25th Conference on Severe Local Storms

P4.15

A storm-scale analysis of the 16 June 2008 significant severe weather event across New York and Western New England

Thomas A. Wasula, NOAA/NWS, Albany, NY

On 16 June 2008, a widespread severe weather event occurred across much of upstate New York and portions of New England. The Storm Prediction Center posted a moderate risk that afternoon from the Mohawk River Valley, Greater Capital Region and southwestern New England southward into the Mid Atlantic region. The Northeast United States had over 100 severe reports of damaging winds in excess of 50 knots (58 mph), and large hail (greater than 1.9 cm in diameter). There was also one confirmed tornado in the lower Hudson Valley. The vast majority of the severe reports were large hail, with a few hail stones exceeding 5.0 cm in diameter. The severe convection was focused ahead of a surface cold front and a potent short wave trough rotating around a strong 500 hPa cutoff low, meandering southeast from Southern Ontario and Lake Superior.

Observational data, as well as short range deterministic and probabilistic model guidance suggested a major severe weather outbreak was about to occur. A cyclonically curved upper-level jet was located southwest of New York with a plume of divergence over the Northeast in the afternoon. Much of the southern portion of the Albany forecast area was in the favorable left front quad of a mid-and upper-level jet streak.

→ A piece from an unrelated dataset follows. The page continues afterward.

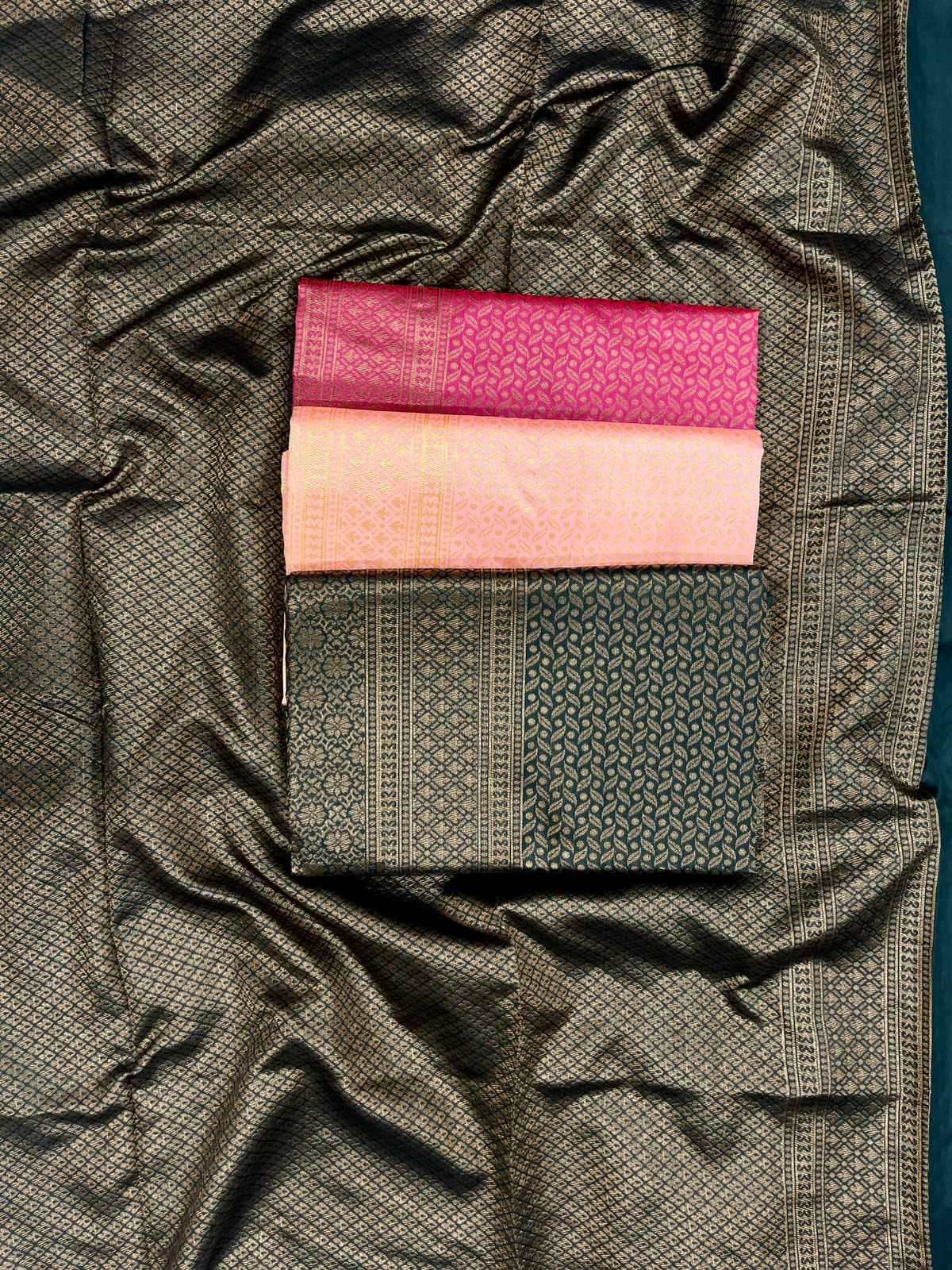 SOFT SILK RICH PALLU AND JACQUARD WORK SAREE CODE 150 AT WHOLESALE PRICE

The 1800 UTC KALB sounding indicated convective temps would be in the mid to upper 70s°F, if appreciable surface destabilization happened ahead of the surface cold front. Surface based convective available potential energy values of 1000-2000 J kg-1 were expected with steepening mid-level lapse rates to around 7ºC km-1, coupled with wet bulb zero heights falling to 9-10 kft. The bulk shear values in the 0-6 km layer were in the 45-50 kt range, suggesting the possibility of isolated to scattered supercells. The forecaster thinking for predominant convective mode this day, however, was for mainly multi-cellular convection with large hail and damaging winds due to the steep lapse rates and strong jet dynamics.

This poster presentation will focus on a detailed radar analysis of the event, utilizing some of the new tools available for operational forecasters during the past few warm seasons. Those tools include 3-D investigations of traditional base and derived products. The storm-scale analysis will focus on helpful techniques to determine the features that produced the copious hail reports. It is hoped these tools will continue to aid forecasters enhance warning language with the new one inch hail criteria in place this year.

extended abstract  Extended Abstract (2.1M)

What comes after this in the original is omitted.